We returned to the buffet 10 minutes later because there were no more tables at the a la carte, and we snuck back in three separate groups, to avoid detection, and took a table in the back corner of the restaurant. We should have had Ana change hats or wear a false moustache or something because the servers nailed her as soon as she stepped in, but instead of taking her to the resort holding cell to await trial and sentencing by the local Communist magistrate, they gave her a pass, probably because we’d tipped them both at some point during the week and them Cubans have great memories.

The handling of currencies at the airport is a prefect representation of why the Cuban economy is so completely messed up. Cuba has two currencies: the Cuban Peso (CUP) which is the national currency and used by the locals, and the Cuban Convertible Peso (CUC) which is a parallel currency that was originally only to be used by tourists. For many years American dollars were used extensively throughout Cuba but about 15 years ago they completely banned them and US currency was useless. But recently the government has changed direction and they are now moving back towards the US currency.

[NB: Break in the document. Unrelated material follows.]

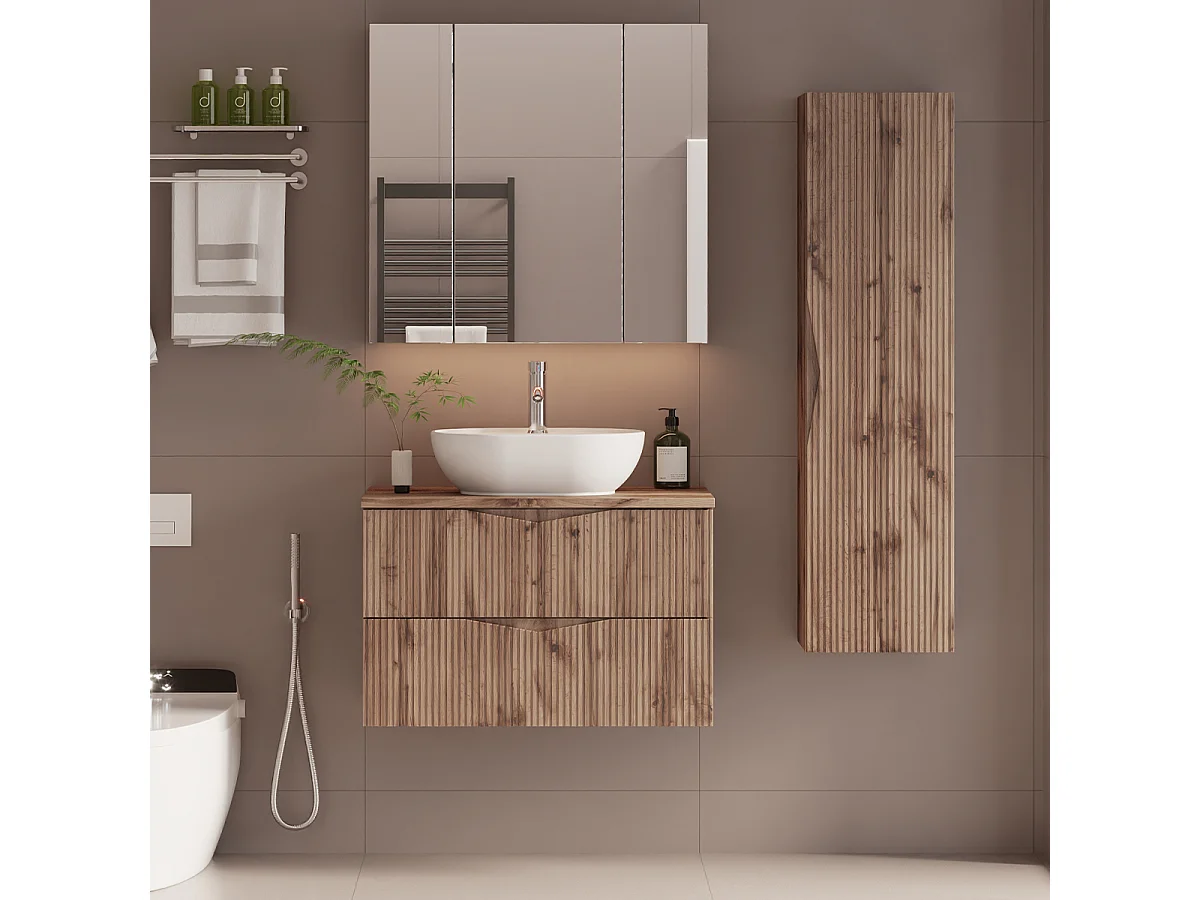 Tao Wood single vanity unit 80cm and pedestal set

You are not allowed to take CUC’s out of the Cuba, so you are directed to convert any CUC’s you have back into your home currency of Canadian dollars or Euro. So here’s where it gets fun. Ana took our remaining CUC’s to the currency exchange desk at the airport to get Canadian dollars. But all they had were Canadian twenty dollar bills and Ana had only enough CUCs for just under twenty bucks, so all they could do was give her regular local Cuban pesos, which she said could be used to buy things in the departure lounge. Once through immigration, we looked around in the shops and discovered the following. All prices are in US dollars, but if you pay in US dollars, they charge you a 10% tax. They will accept Canadian dollars, Euro, or local Cuban pesos, but any change is given in US dollars, unless they don’t have enough, in which case they will give it to you in Canadian or Euro. They do not accept the CUC currency, but obviously a lot of tourists weren’t told that because many of them only had CUC bills, but you could only convert it before going through immigration, making them worthless. The prices in duty free were probably 50% higher than the prices in the hotel shops or shops in the street, and unless you want to buy rum, coffee beans, honey, a Cuba hat, or a dry chicken sandwich at the pitifully stocked restaurant, there’s probably not much you would want anyway.

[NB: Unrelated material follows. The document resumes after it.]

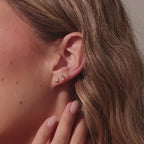 Sacred Heart Flatback Studs in 18K Gold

It’s no wonder the country is in such bad economic shape, and you certainly can’t blame it all on the US embargo when they refuse to abandon this horribly inefficient Communist system. The kids asked me to explain how Communism works, but I told them they’d be better off reading some Karl Marx to get the information directly from the source, but I did say that as far as economics goes, Communism is the great equalizer; it provides for everybody in the country to be equally poor. But it must be said that vacationing in Cuba gives you a refreshing break from the rampant consumerism that we are so used to and support unthinkingly.

Our trip back home was trouble-free, except that the “stolen sandwich” breakfast in the airport instead of our regular 3000 calorie buffet extravaganza just wasn’t cutting it for our stretched out tummies, so we bought meals on the plane which helped sooth the savage hunger beast. And before we knew it we were back in Toronto, through immigration and baggage collection in record time, and arrived home by 8pm. We never seem to have this much luck in airports – Ana’s folks must be our good luck charms!